Is an ∞-topos of local homotopy dimension $\leq n$ of homotopy dimension $\leq n$?

Question

[All references are wrt to Lurie's "Higher Topos Theory" in its latest online available version (March 10, 2012)]

Definition 7.2.1.8: An ∞-topos $X$ is locally of homotopy dimension $\leq n$ if there exists a collection $\{U_\alpha\}$ of objects of $X$ which generate $X$ under colimits, such that each $X_{/U_\alpha}$ is of homotopy dimension $\leq n$.

Definition 7.2.1.1: An ∞-topos $X$ has homotopy dimension $\leq n$ if enery $n$-connective object $U \in X$ admits a global section $1_X \to U$ ($1_X$ being the final object of $X$).

Question: Assume that $X$ is locally of homotopy dimension $\leq n$. Is $X$ of homotopy dimension $\leq n$?

My idea to prove this is using the collection of all objects in the first definition. However, I do not get a grasp on any connection between the connectivity of objects of $X$ and the connectivity of objects of some slice ∞-topos $X_{/U}$.

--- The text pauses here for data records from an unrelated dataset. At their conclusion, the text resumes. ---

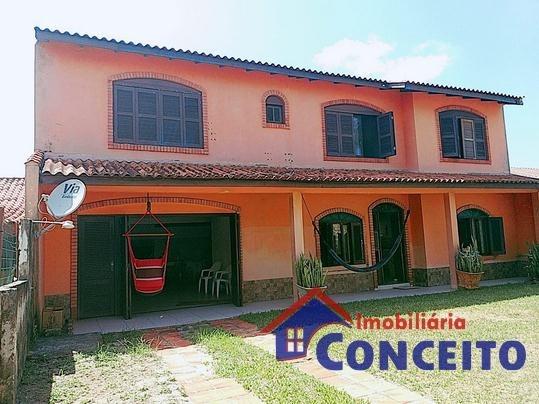 C06 - Belo sobrado em ótima região a 100 metros do mar
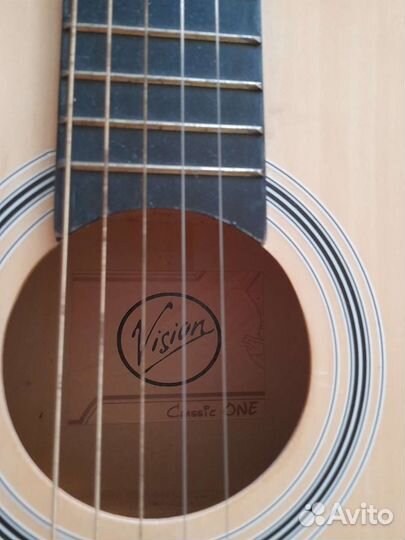 Гитара с чехлом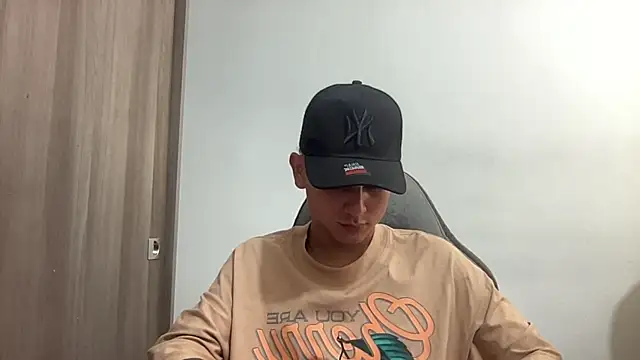 Snapshot of bob_petterson chatting on 02-15-25, 08:11 bob petterson online show from 02-15-25, 08:11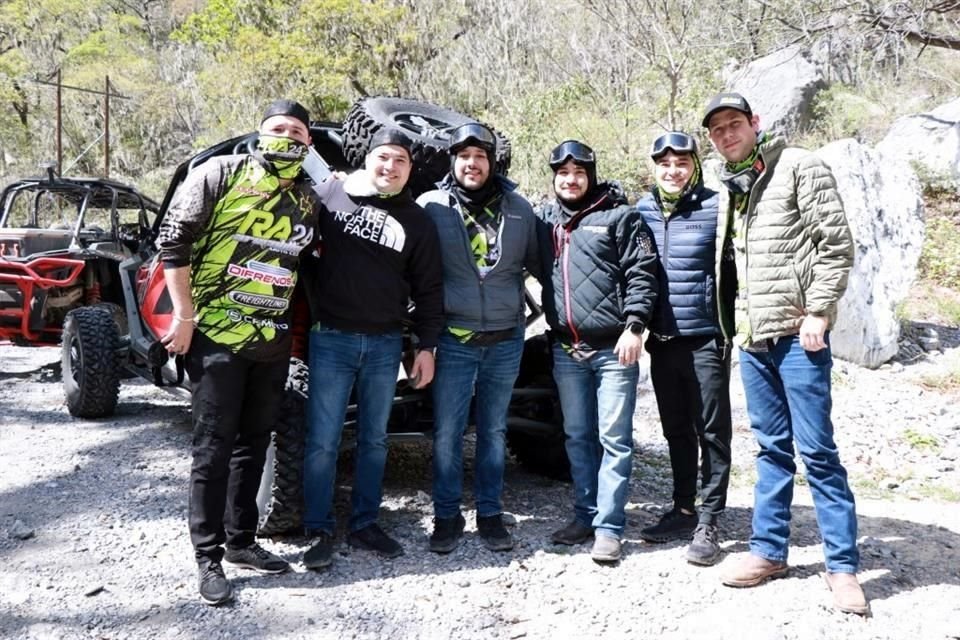 Gustavo Hernández, Carlos González, Miguel Peña, Alberto Montemayor, César González y Adrián Galván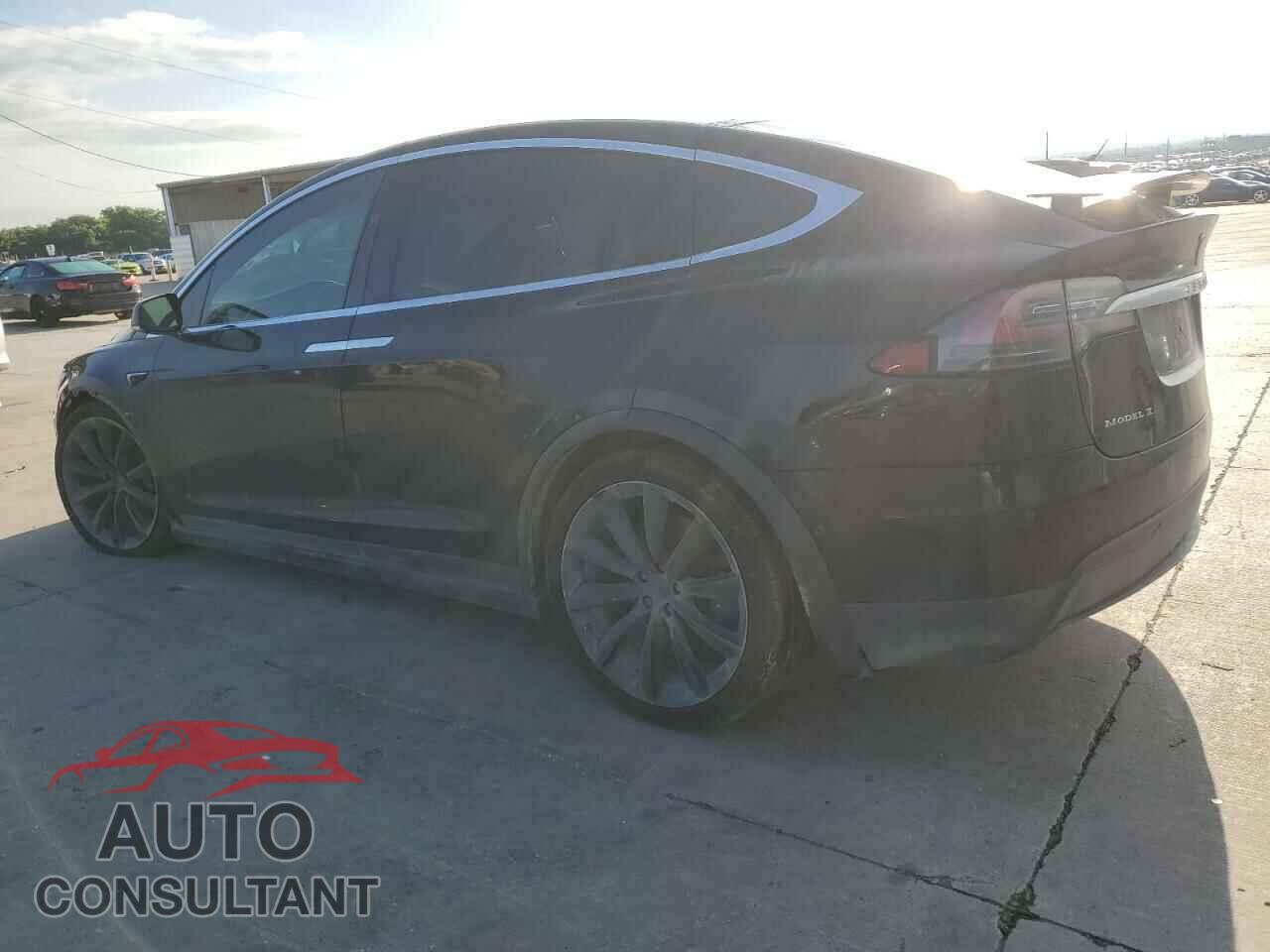 TESLA MODEL X 2017 - 5YJXCBE21HF063973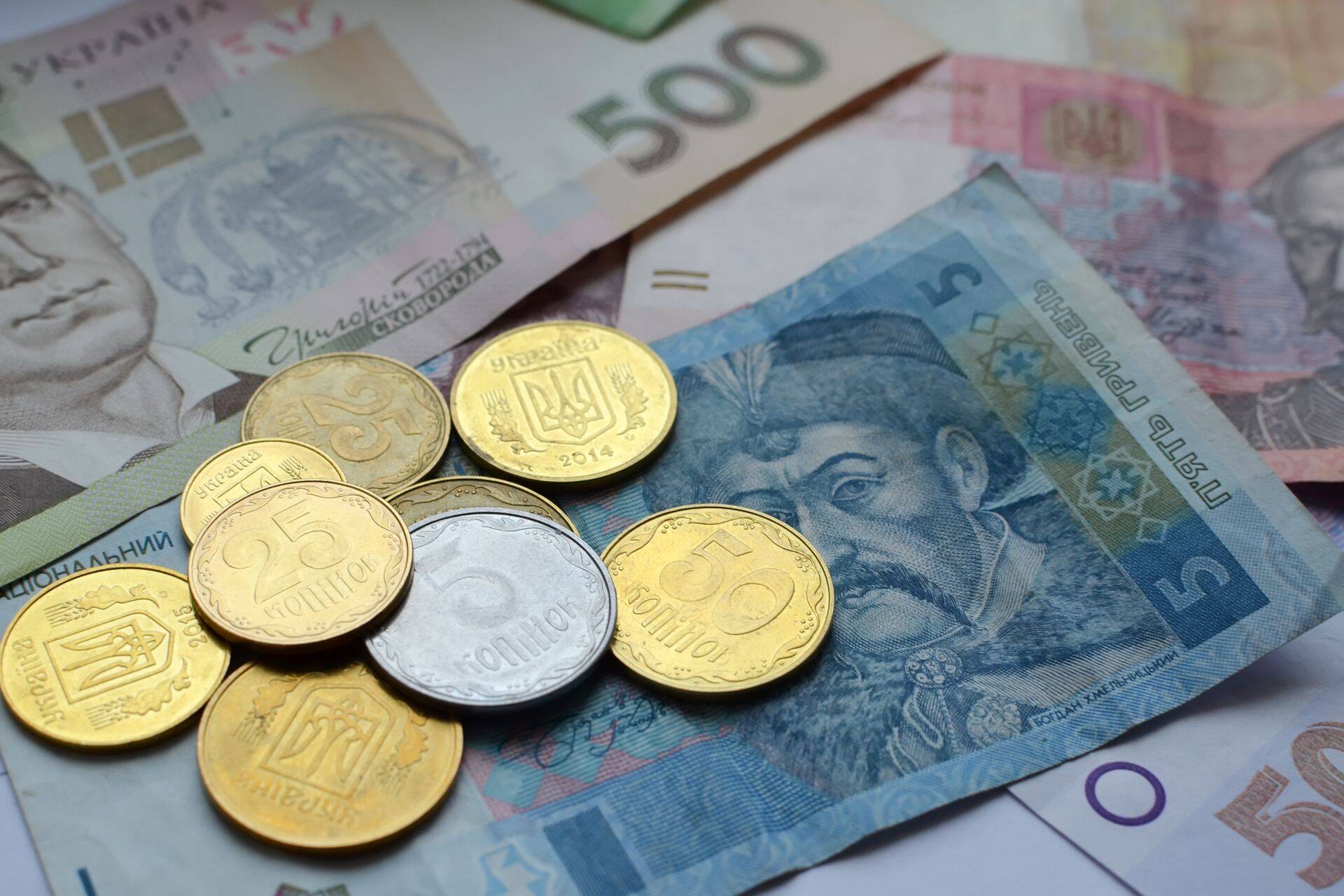 Девальвация гривны, считают в Нацбанке Украины, «позволит увеличить конкурентоспособность украинских производителей, сблизить курсовые условия для разных групп бизнеса и населения и поддержать устойчивость экономики в условиях войны».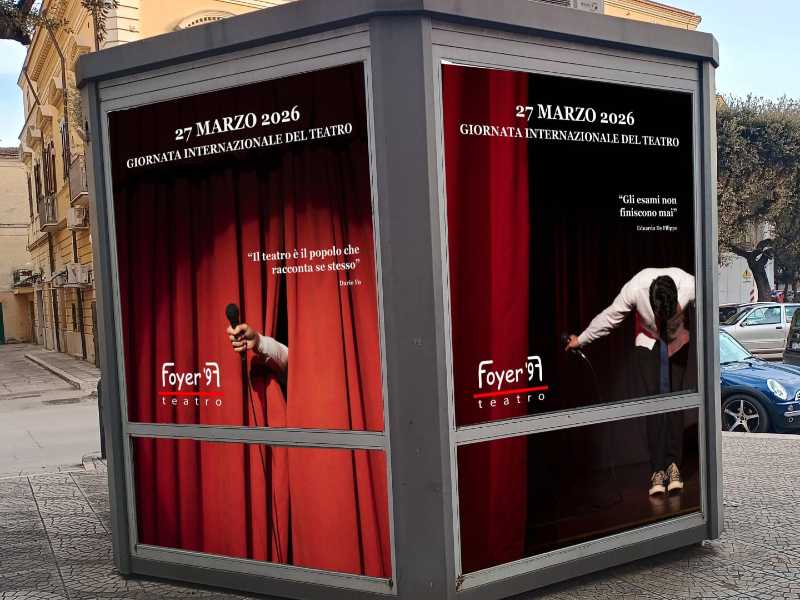 Edicola abbandonata nel Foggiano diventa un teatro Repliche ogni 15 minuti e solo 6 posti (Per gentile concessione di Francesco Gravino-Valeria Giammetta via ANSA)
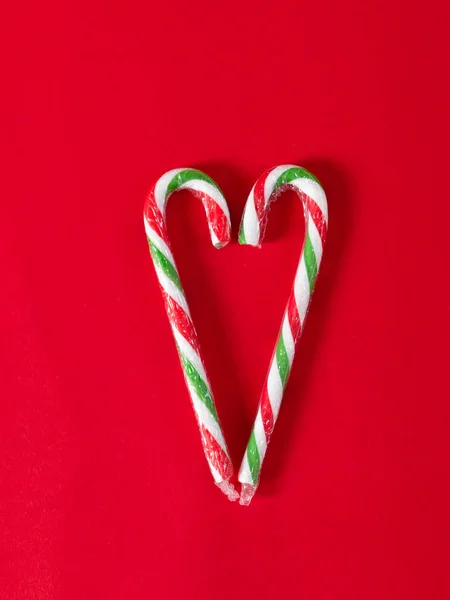El corazón forma el caramelo de Navidad en el fondo rojo con espacio de copia.. —  Fotos de Stock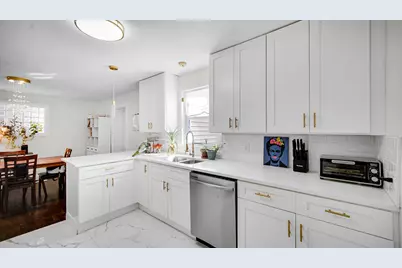 8755 S Merrill Avenue, Chicago, IL 60617 - Photo 15
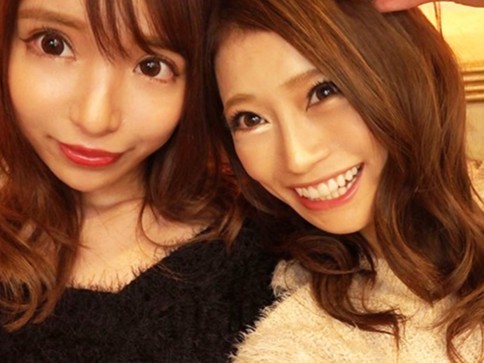 【ギャル乱交ハメ撮り】「どうかなー？気持ちいい？」美乳エッチ大好きギャルズ達の乱交ハメ撮りエッチ！ギャル特有のエロさが全開になる激カワ乱交SEX♡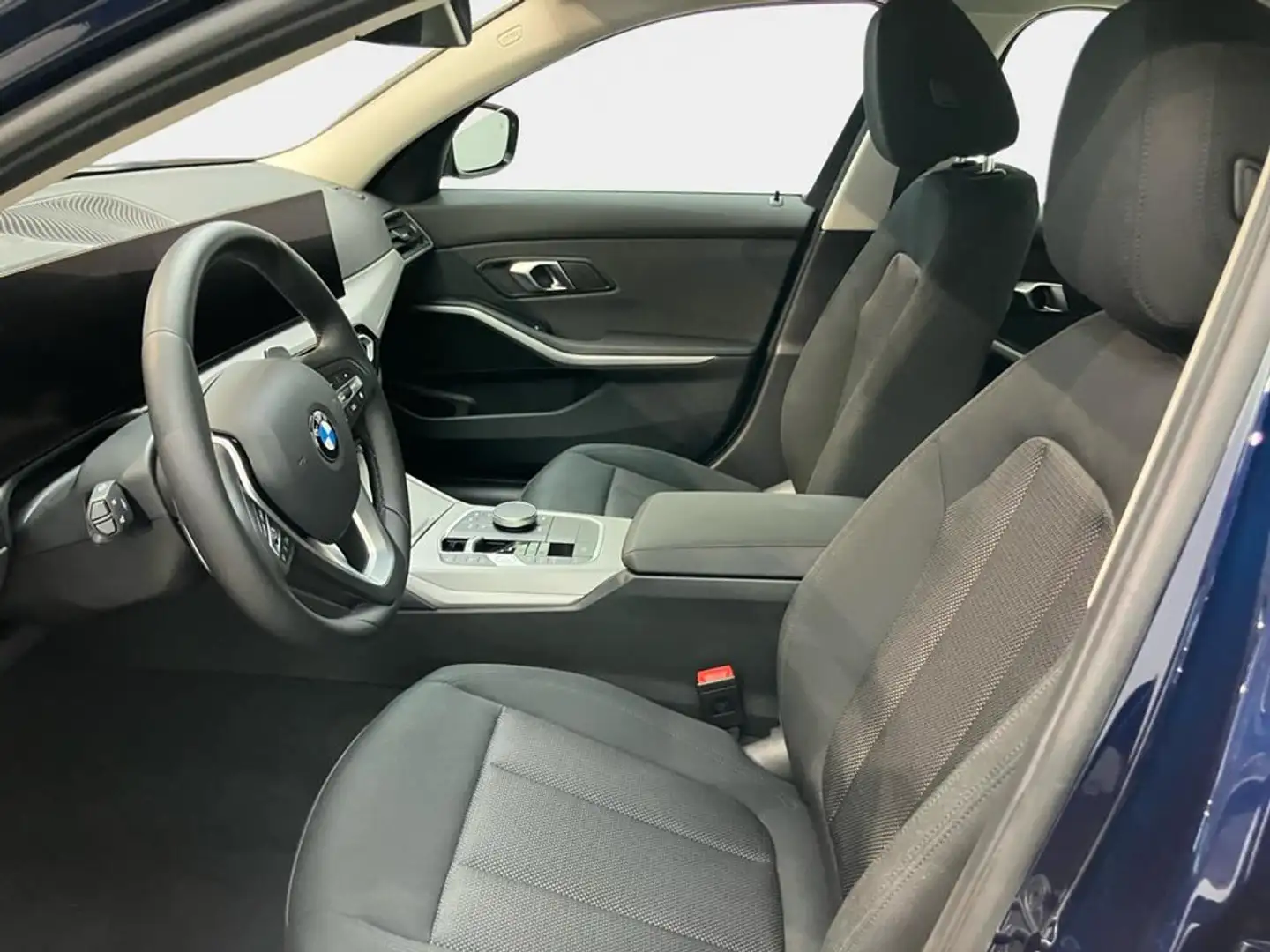 BMW 318 Blau - 2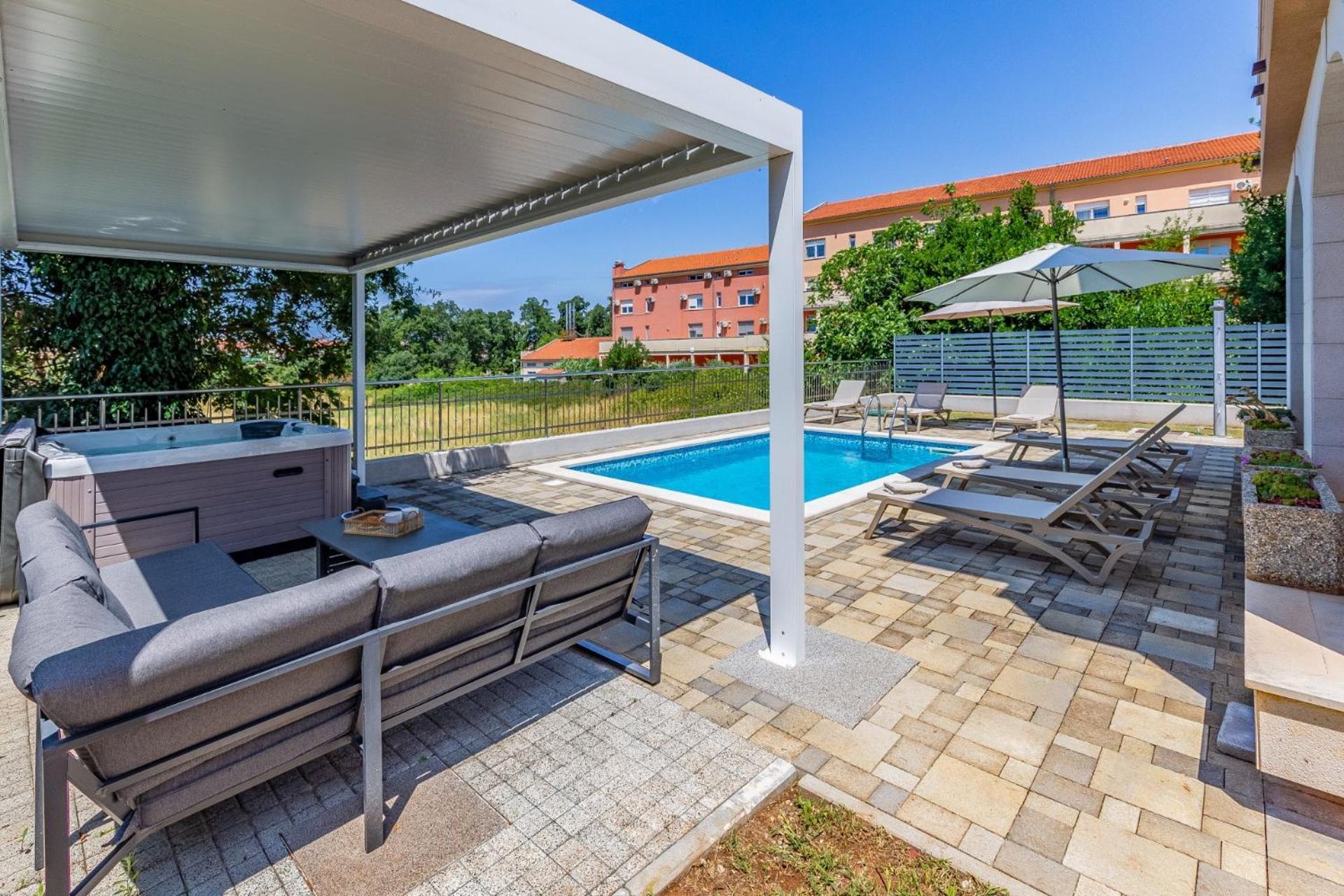 Villas Lotus With Pool And Jacuzzi Pula Exteriör bild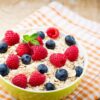 aveia com frutas vermelhas no café da manhã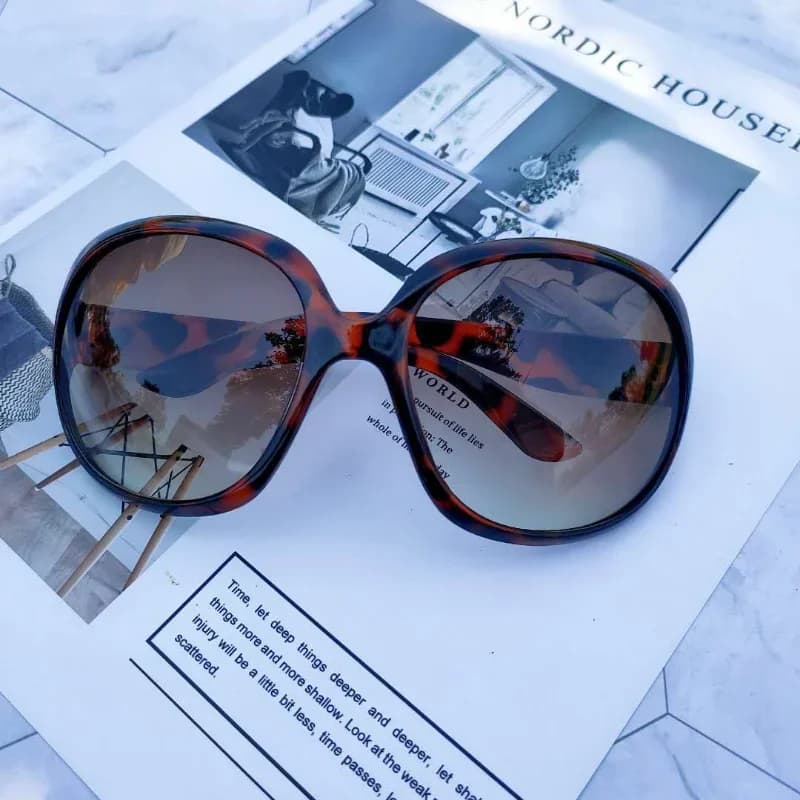 Women's Large Frame Circular Sunglasses New UV400 Fashion Sun Glasses Shape Lady — image 9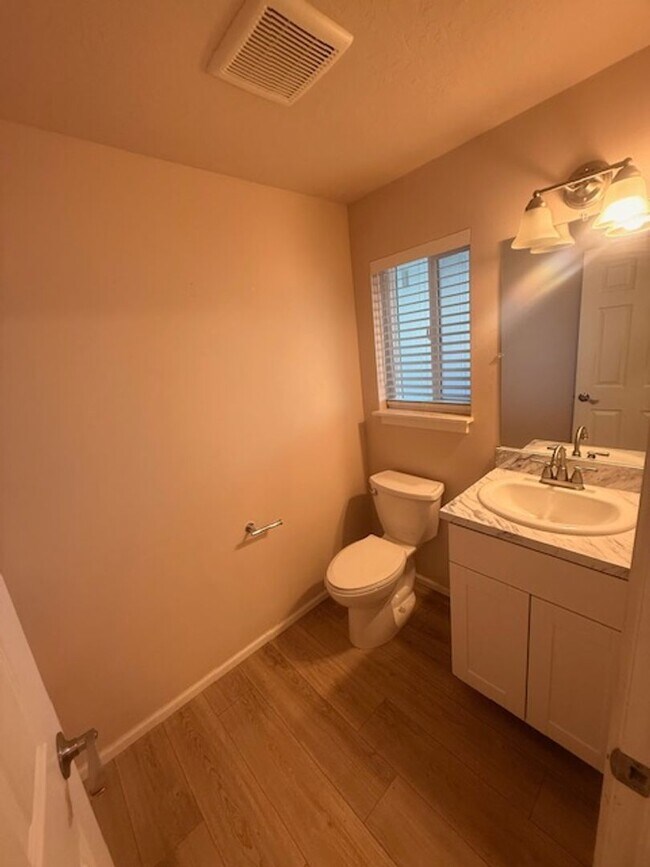 Building Photo - wilc04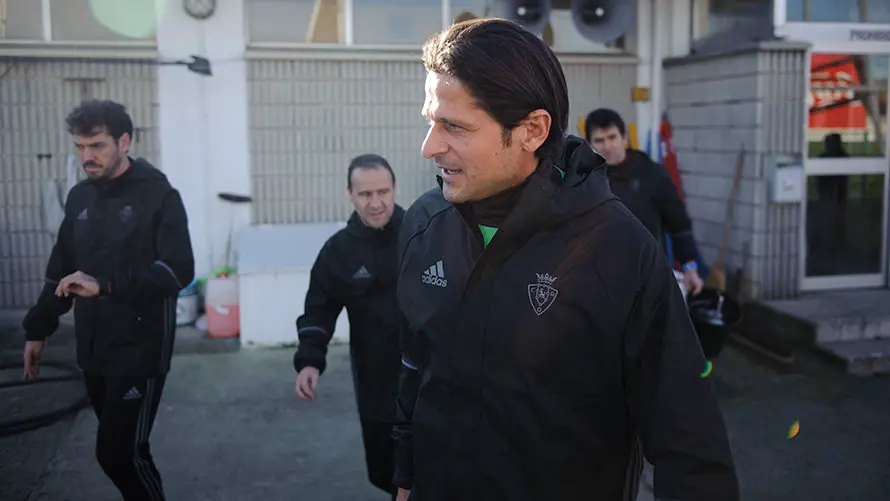 Segundo entrenamiento del nuevo entrenador de Osasuna Valiljevic. MIGUEL OSÉS_18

What I actually want to show is that an ∞-topoi which is of homotopy dimension $\leq n$ for some integer $n$ is hypercomplete. Corollary 7.2.1.12 does this for ∞-topoi which are locally of finite homotopy dimension. Its proof lies on Proposition 7.2.1.10 where I do not understand a crucial point ($\phi$ determines a point of $F(X(0))$), so I am unable to adopt this proposition to ∞-topoi of finite homotopy dimension.

Answer 1

Let $\mathcal{X}$ denote the $\infty$-topos $\mathcal{S}_{/S^1}$, whose objects are spaces $X$ with a map $X \rightarrow S^1$. Then $\mathcal{X}$ is generated under colimits by the object given by the base point inclusion $\ast \rightarrow S^1$, and is therefore locally of homotopy dimension $0$. However, it is not of homotopy dimension $0$, because the map $\ast \rightarrow S^1$ has nonempty homotopy fibers but does not admit a section.

Answer 2

As a counterexample to the statement at the end of the question, the $\infty$-topos of parameterized spectra is even of homotopy dimension $\le -1$, but not hypercomplete--as Mathieu Anel pointed out to me when I asked him a similar question.